Une humiliation

Publié le 22 décembre 2003 Lecture : 2 minutes.

Vingt-cinq millions de dollars pour avoir sa tête, il y a de quoi tourner bien des têtes. On ne saura jamais qui est l’heureux bénéficiaire de cette prime vertigineuse. Saddam Hussein a donc été donné aux Américains. Caught like a rat, « attrapé comme un rat », nous dit le général américain qui a mené l’opération.
Pourtant, il fut un « bon » dictateur, la coqueluche de tout l’Occident. Le président Chirac lui rendit visite. Il était laïque et faisait la guerre aux mollahs terroristes et intégristes d’Iran. Il était démocratiquement élu avec des pourcentages surréalistes : 100 % aux dernières élections.
Au moment où Saddam se livrait à des purges staliniennes à l’intérieur de son parti, au moment où il torturait jusqu’à la mort les opposants à son régime, au moment où il écrasait à l’aide d’armes chimiques les rébellions séparatistes, personne en Occident n’avait protesté. « Affaires intérieures », comme les huit cent mille morts au Rwanda.
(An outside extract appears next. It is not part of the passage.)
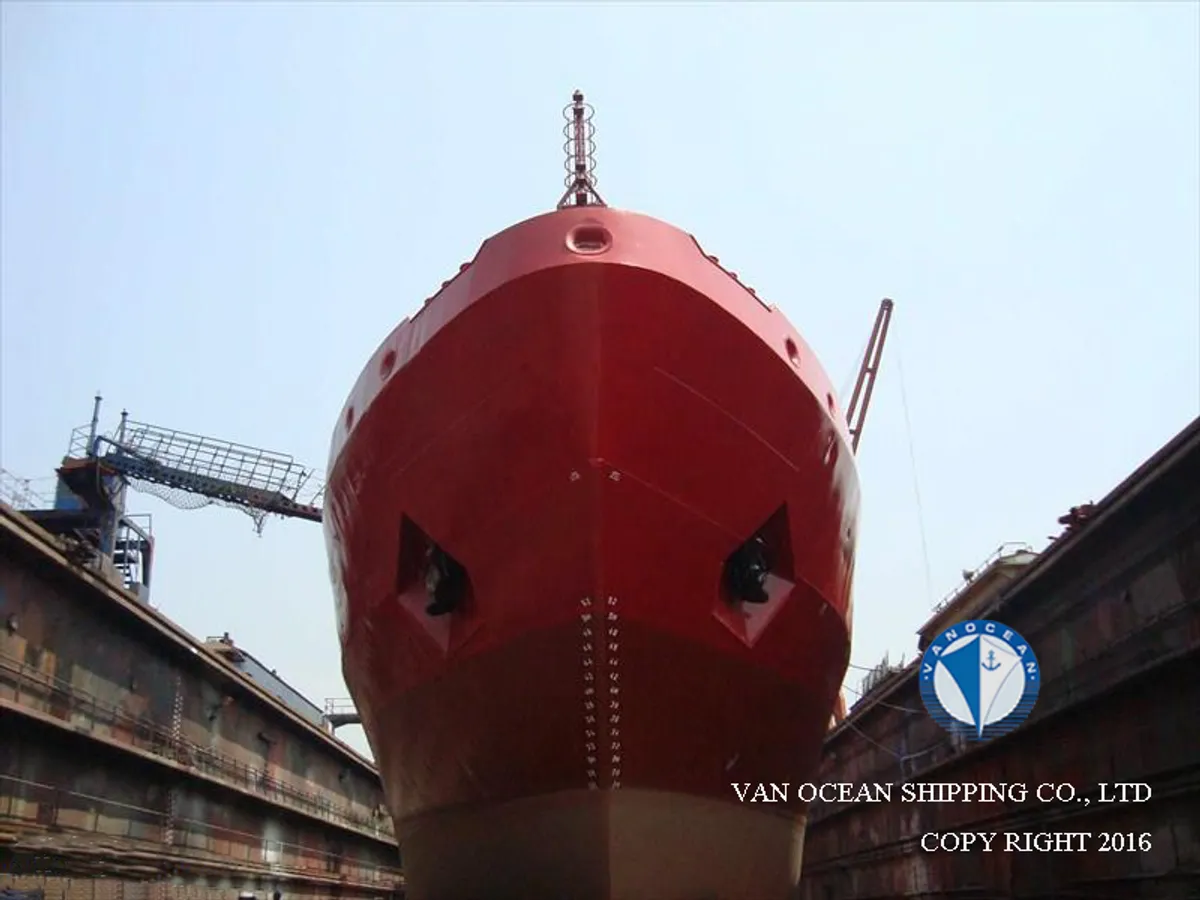 Oil/Chemical tanker for sale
Les États-Unis n’avaient-ils pas donné l’exemple avec l’arme atomique, à Hiroshima et à Nagasaki, puis avec l’agent orange au Vietnam ? C’était pour la bonne cause, celle de la liberté et de la démocratie.

Pour moi, incapable de comprendre ce qu’il y a de sublime dans cette éthique, parce que congénitalement imperméable à la supériorité de la culture occidentale, particulièrement
dans sa forme américaine, si je mesure bêtement les crimes au nombre des victimes, l’État le plus criminel de l’époque contemporaine sont les États-Unis. Ce sont eux qui, incontestablement, ont tué le plus grand nombre de personnes, au gré de leurs intérêts,
en habillant leurs crimes de mensonges éthiques, allant des fameuses armes de destruction massive, dont ils ont pratiquement le monopole, à la défense de la liberté, de la démocratie et des droits de l’homme.
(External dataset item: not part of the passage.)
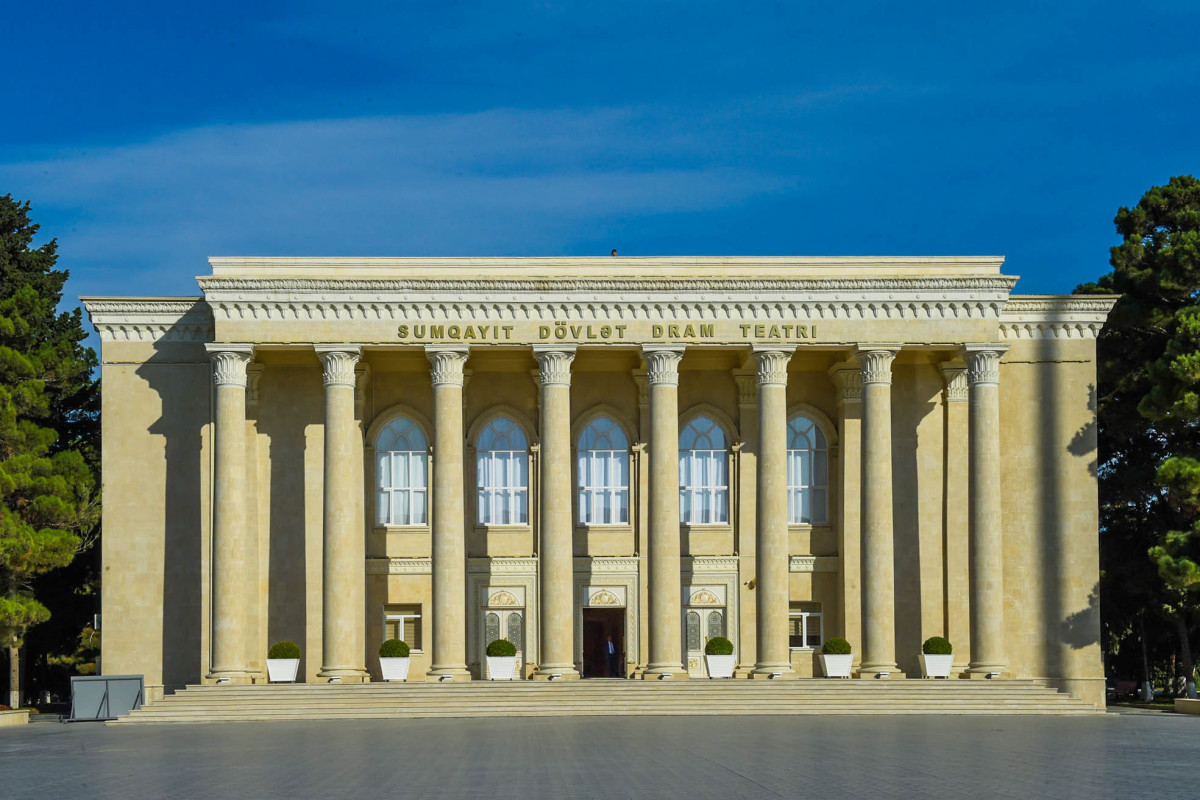 Sumqayıt teatrının direktoru işdən çıxdı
Saddam est devenu persona non grata à partir du moment où il a menacé sérieusement les intérêts américains, pétroliers au Proche-Orient, et politiques en Israël. Il est le bouc émissaire des dictateurs ; et qui n’est pas dictateur dans le monde arabe ? En envahissant l’Irak, en capturant son chef, en l’humiliant sciemment devant les caméras du monde entier, les États-Unis adressent un message sans ambiguïté à tous les dictateurs arabes : vous devez m’obéir, me servir, vous soumettre à ma politique, au besoin jusqu’à
la haute trahison de vos peuples et de vos pays, sous peine de subir le même sort que l’Irak. La capture de Saddam renforce la dictature. Elle n’est pas dirigée contre elle. Elle n’apporte aux Irakiens ni liberté ni démocratie. Elle leur apporte la servitude à
un pouvoir étranger. C’est pire que la dictature de Saddam.
Les États-Unis ont des collaborateurs en Irak, comme ils en ont eu au Vietnam. C’est aux peuples de relever ce nouveau défi, comme ils ont relevé le défi colonial. Un million de morts en Algérie avant que le « terroriste » Ben Bella réussisse à rendre à son pays son
honneur et sa dignité.
L’image d’un Saddam sale et hirsute, délibérément humilié par un officier américain qui faisait sur lui des prélèvements d’ADN, restera gravée dans nos mémoires comme celle de notre humiliation. Il nous faut nous laver coûte que coûte de cette humiliation.